A guide to wrought ironwork and its restoration. Explore metallurgy, production techniques, its architectural and historical context and best practice conservation


Wrought iron, normally produced from pig iron, is a ferrous carbon alloy with a significantly lower carbon content (less than 0.1%) than cast iron or steel. Wrought iron is produced with slag inclusions (the top layer of melt formed during smelting containing oxides and other impurities) which gives wrought iron a characteristic fibrous nature. The slag provides a range of material properties including, toughness, ease of welding, resistance to corrosion, malleability when hot and tensile strength.

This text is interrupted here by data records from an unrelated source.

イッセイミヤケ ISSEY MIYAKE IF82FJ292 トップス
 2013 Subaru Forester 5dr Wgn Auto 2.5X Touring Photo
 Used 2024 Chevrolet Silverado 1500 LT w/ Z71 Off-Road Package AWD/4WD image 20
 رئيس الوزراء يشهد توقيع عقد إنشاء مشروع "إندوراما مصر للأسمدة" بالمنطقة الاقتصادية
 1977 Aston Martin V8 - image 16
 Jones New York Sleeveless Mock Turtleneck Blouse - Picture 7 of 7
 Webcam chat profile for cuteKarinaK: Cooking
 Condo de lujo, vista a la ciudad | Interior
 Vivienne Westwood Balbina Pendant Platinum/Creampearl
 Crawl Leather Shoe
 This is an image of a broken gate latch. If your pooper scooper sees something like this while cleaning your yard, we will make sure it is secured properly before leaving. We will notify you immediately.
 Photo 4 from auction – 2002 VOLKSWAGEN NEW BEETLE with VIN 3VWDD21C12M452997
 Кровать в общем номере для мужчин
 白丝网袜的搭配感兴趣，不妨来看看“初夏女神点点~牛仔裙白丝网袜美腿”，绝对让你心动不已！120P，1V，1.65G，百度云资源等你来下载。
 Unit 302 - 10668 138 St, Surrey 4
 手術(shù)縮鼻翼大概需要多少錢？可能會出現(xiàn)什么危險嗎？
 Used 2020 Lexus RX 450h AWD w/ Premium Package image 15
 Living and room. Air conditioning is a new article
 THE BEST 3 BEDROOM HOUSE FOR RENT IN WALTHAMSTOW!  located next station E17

There are two main types of wrought ironwork. Pre the 18th century, Charcoal Iron which was produced in a bloomery using charcoal was primarily used. Its production process resulted in signification variations in its composition. After the 18th century puddled iron, considered the first large-scale process in iron production, was becoming widespread in use.


The earliest production method of wrought iron was in a bloomery - a stone or clay wall furnace with a pit and chimney. A pipe near the base of the pit allowed for airflow either from a natural source or by bellows. The bloomery required charcoal both as a fuel and as a source of carbon monoxide in the refinement process.

Once the furnace was heated, iron ore would be mixed in a 1:1 ratio with charcoal, and fed into the bloomery. The air forced through the furnace would fuel the fire to temperatures just below iron’s melting point. The carbon monoxide would force the naturally occurring oxides out of the ore leaving impure metallic iron to fall to the bottom of the furnace, where naturally occurring molten slag ( a compound of silicon, oxygen and other impurities from the ore) which welded together to form a spongy mass known as bloom.

The final refinement stage came from the beating and forging process (blacksmithing) once the iron was removed from the furnace. The hammering and working of the product would drive out some of the slag and turn it into the useable “wrought” iron.

Production was both small-scale and expensive. Early bloomeries could smelt no more than a kilo of iron with each firing and had limitations to the temperatures they could reach. It wasn’t until the medieval period and the development of mechanised smelting, that wrought iron production increased.


Blast furnaces

Blast furnaces increased production from around 15kg to 300kg per firing. Bellows powered by waterwheels fed air into the furnace reaching temperatures over 1,400c which when combined with charcoal was sufficient to melt iron.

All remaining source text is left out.